Re: [INDOLOGY] Google Translate for Sanskrit

Oliver Hellwig via INDOLOGY Fri, 13 May 2022 03:34:53 -0700

Most probably they have built their MT system on top of so called deep
contextualized embeddings such as BERT
(https://towardsdatascience.com/nlp-extract-contextualized-word-embeddings-from-bert-keras-tf-67ef29f60a7b)
or Roberta (https://huggingface.co/docs/transformers/model_doc/roberta).
We have analyzed such multilingual embeddings for a Sanskrit project,
and it turned out that the Sanskrit data were mainly taken from a dump
of the Sanskrit Wikipedia, which explains the preference for the modern
version. Very useful for MT, less so for a close reading of Vedic texts.


Best, Oliver

On 13/05/2022 11:51, Antonia Ruppel via INDOLOGY wrote:

I think it's also worth asking what the programmers who made this meant
when they said 'Sanskrit'. The classical language, or the modern spoken
version taught and stratified by organisations like e.g. Samskrita
Bharati? I tried a few simple sentences (I went into town, I saw the
man, Where is the cat? etc) and found that
-- the past tense is expressed by means of the ta- and tavant-
participles (the default is the masculine participle, by the way, even
when you try things like 'I, Sītā, went into town'), as favoured e.g. by
modern spoken Sanskrit (not only by it, of course)
--  'Where is the cat?' resulted in the word order बिडालः कुत्र अस्ति
favoured by modern Sanskrit (and mirrored by e.g.
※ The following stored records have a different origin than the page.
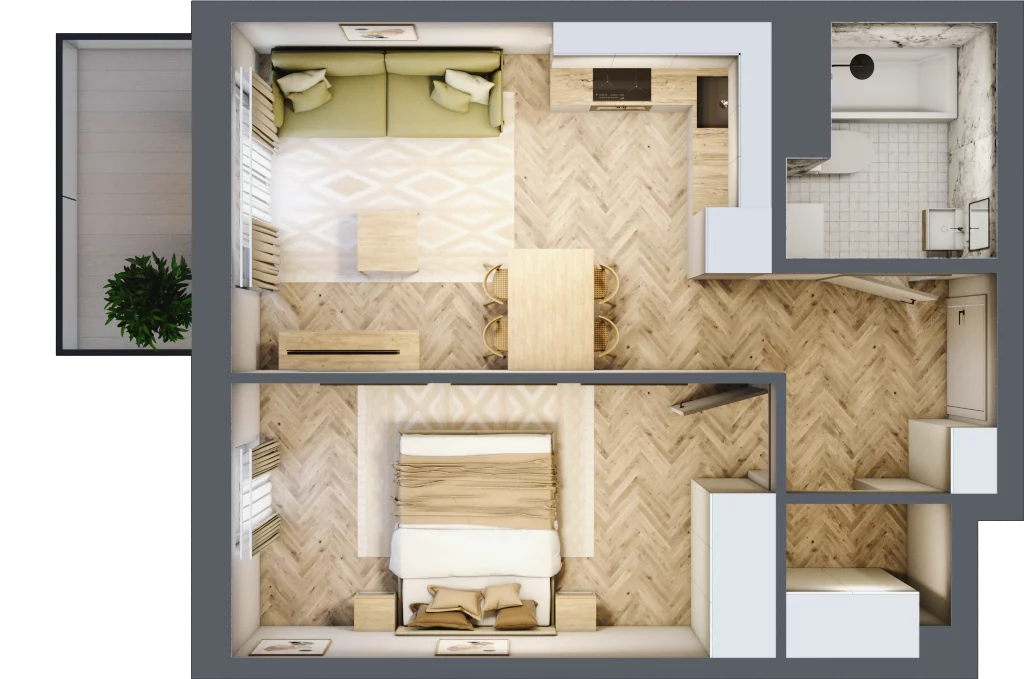 2 pokoje, mieszkanie 38,89 m², piętro 5, oferta nr Budynek 1 Mieszkanie 146, Krakowska Rogatka, Kielce, Centrum, ul. Miodowicza 1
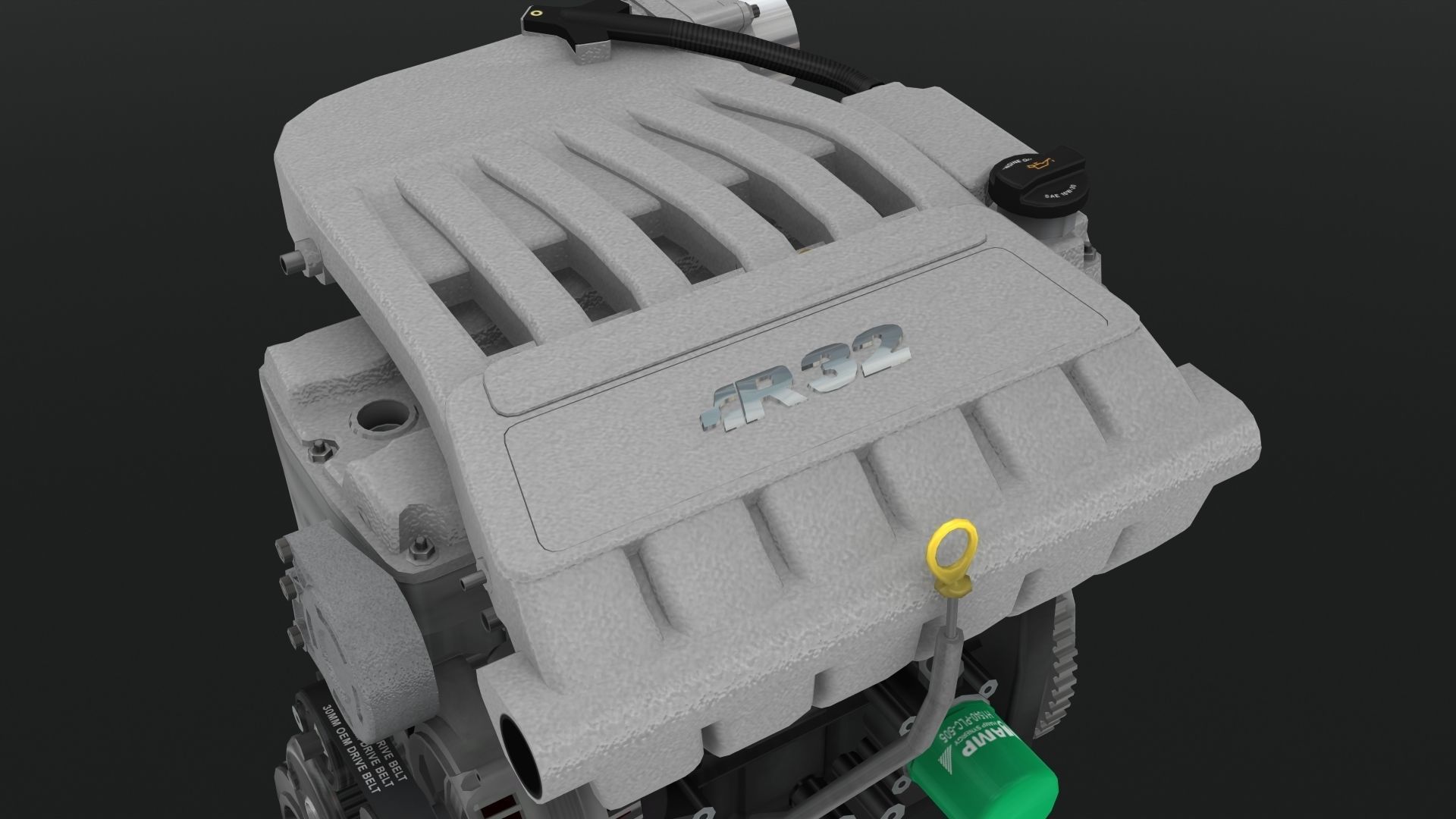 Volkswagen Golf R32 VR6 24v engine Low-poly 3D model_14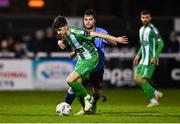 16 February 2024; Harry Groome of Bray Wanderers in action against Sean Brennan of UCD  during the SSE Airtricity Men's First Division match between Bray Wanderers and UCD at Carlisle Grounds in Bray, Wicklow. Photo by Tyler Miller/Sportsfile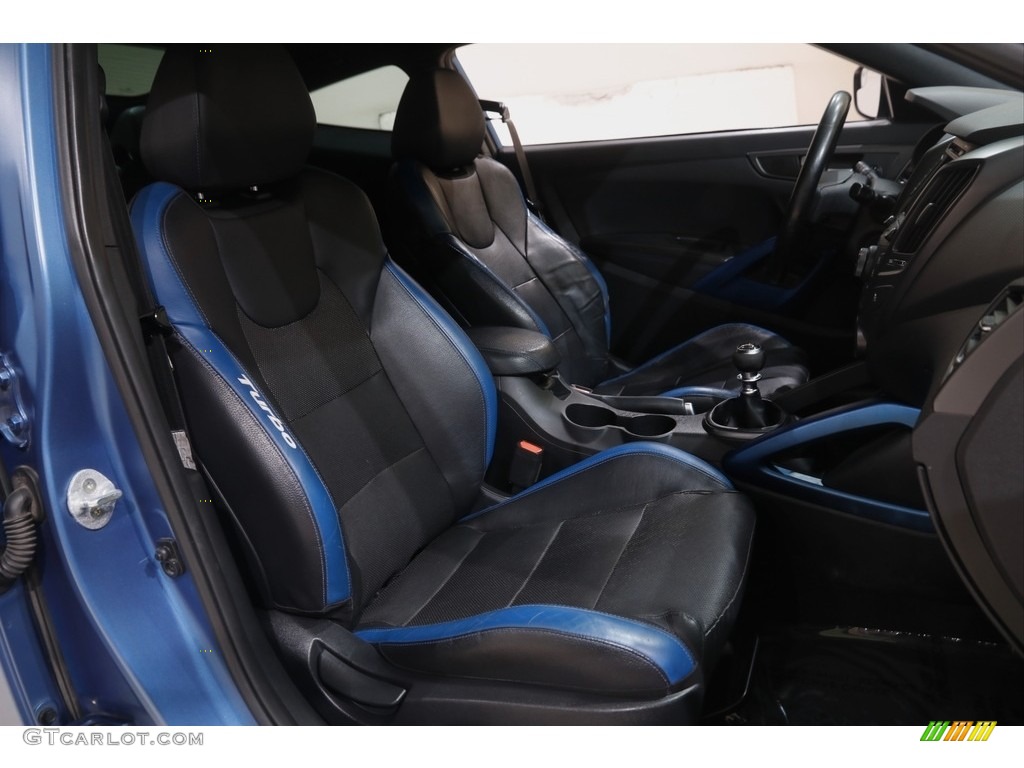 Black/Blue Interior 2016 Hyundai Veloster Rally Edition Photo #144837047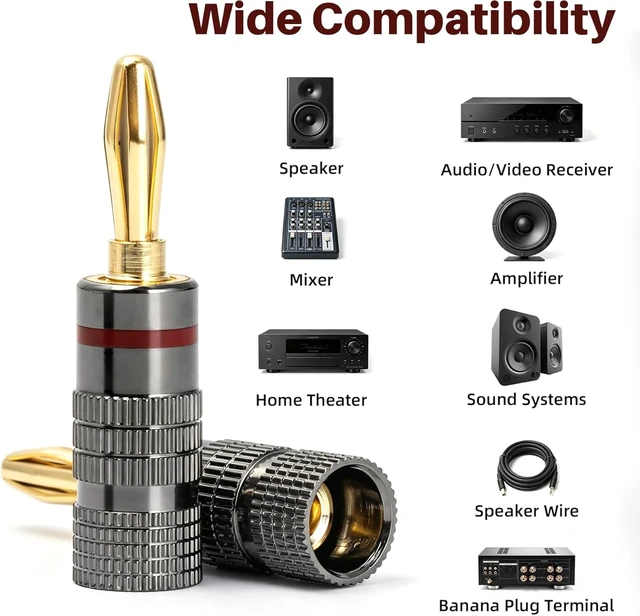 Alt view image 2 of 7 - 4 Pairs Banana Plugs, 24K Gold Plated Closed Dual Screw Speaker Connector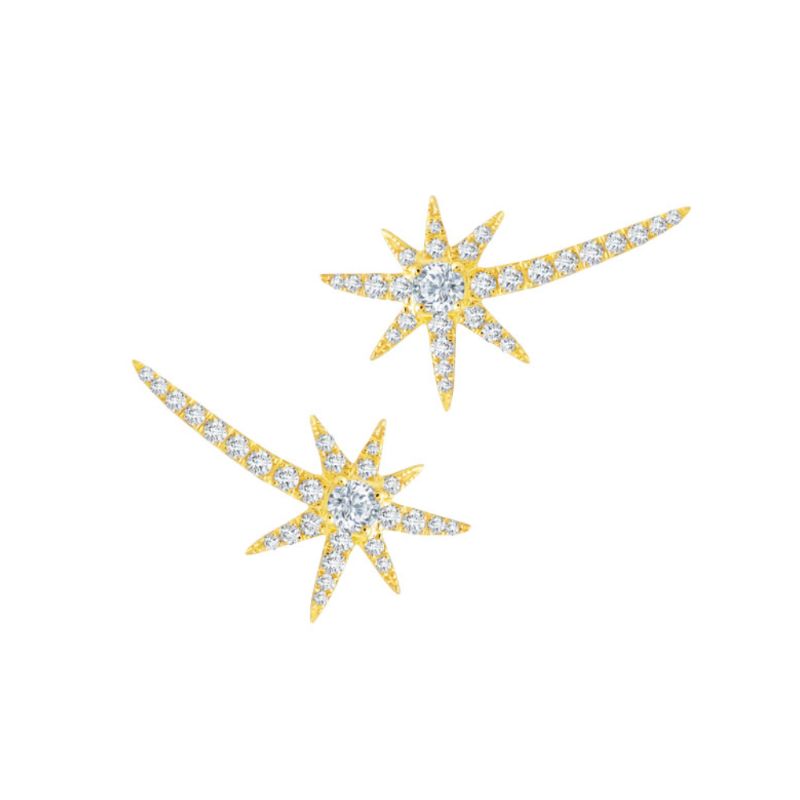 These starburst earrings are stunning! The long tail of the starburst travels up the wearers ear creating an ear cuff look. These earrings have also been spotted on Taylor Swift! There are 0.45 carat total weight of I-J color white diamonds set in 18K yellow gold. 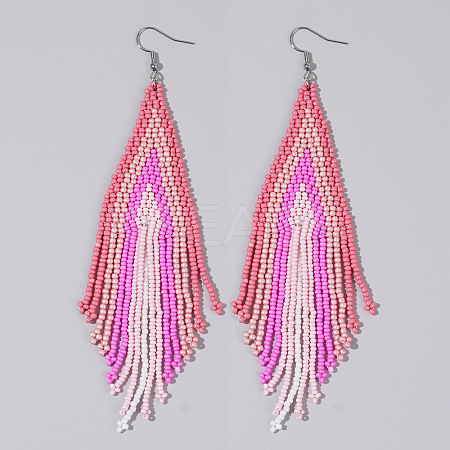 Handmade Glass Seed Beads Tassel Dangle Earrings LS-EN2812-8-1
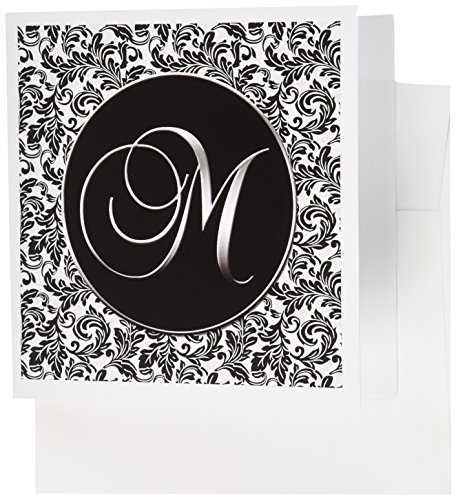 Carte de vœux motif damas lettre M pour décorer vos tables de fête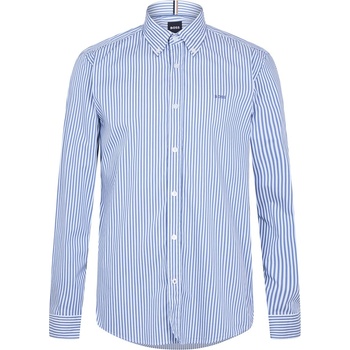 HUGO BOSS Риза с дълъг ръкав Boss Men's Roan BD Striped Long Sleeve Shirt - Med Blue 425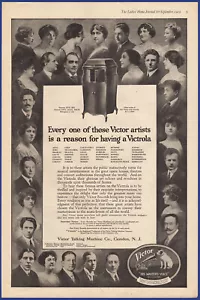 Vintage 1919 VICTOR Victrola Sprechmaschine verschiedene Künstler Phonograph Druck Anzeige - Bild 1 von 1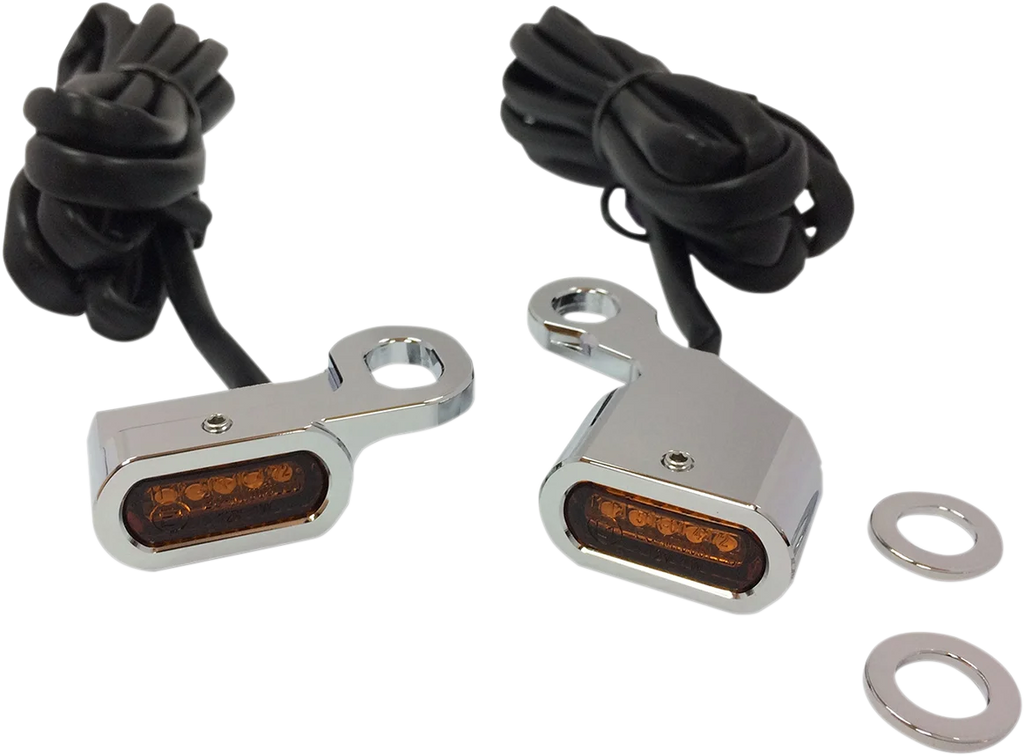 LED Handlebar Marker Lights - Chrome/Amber DragSpecialties L22-0232CAENU - Side View
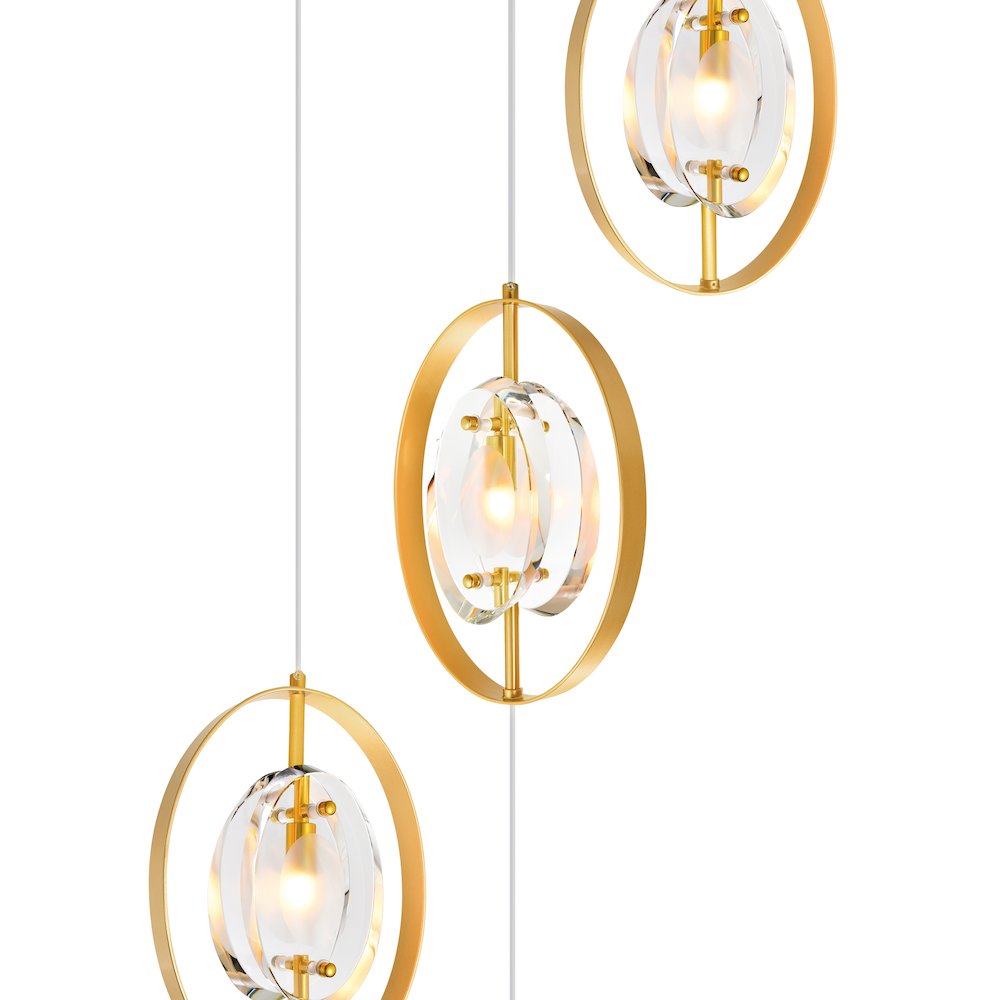 Iris 6 Light Pendant With Sun Gold Finish. Picture 2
Hindi).
- my, her etc in sentences like 'she sees her sisters' are usually
expressed, e.g. by means of sva- or through the actual genitive pronoun,
unlike the Classical Sanskrit tendency of only expressing this when
omission causes confusion
- with at least some expressions we get the noun in accusative + karoti
expression (e.g. smitam karoti rather than smayati), that, I think, also
becomes more prevalent as time passes
- external sandhi is not applied, again following the prevalent modern
spoken convention

Entering 'I have seen him' (rather than 'I saw him') gives me मया तं
दृष्टम्, which I don't quite understand because I'd have expected 'him' to
be the subject and thus nominative. (The same results with other
transitive verbs.)

When you create a translation program, you need to decide what the
'right' translation of something is. With literary languages, like
Sanskrit, whose features usually include variety of expression, that is
difficult. So it seems natural that the programmers would use the
standards of the modern spoken language, for whose creation those
decisions were at some point made.

That google translate now includes Sanskrit is a fascinating social
phenomenon. I'm looking forward to seeing how they are going to develop
it, and hope someone might at some point talk about their methodology in
creating this function. (Let's find out and invite them to a conference?
It would surely make for a fascinating talk!)

All best,
      Antonia

On Fri, 13 May 2022 at 10:01, Satyanad Kichenassamy
<[email protected]
<mailto:[email protected]>> wrote:


    Dear All,

    Here are a few further experiments that illustrate other issues :

    Input: सत्यमेव जयते
    Output: Truth always triumphs

    Input: Truth always triumphs
    Output: सत्यं सदा विजयते

    Input: सत्यं सदा विजयते
    Output: Truth always triumphs

    Input: C'est la réalité qui triomphe
    Output: Reality wins

    Input: C'est la réalité qui triomphe.
    Output: It is reality that triumphs.

    (The only difference between the last two inputs is the final period.)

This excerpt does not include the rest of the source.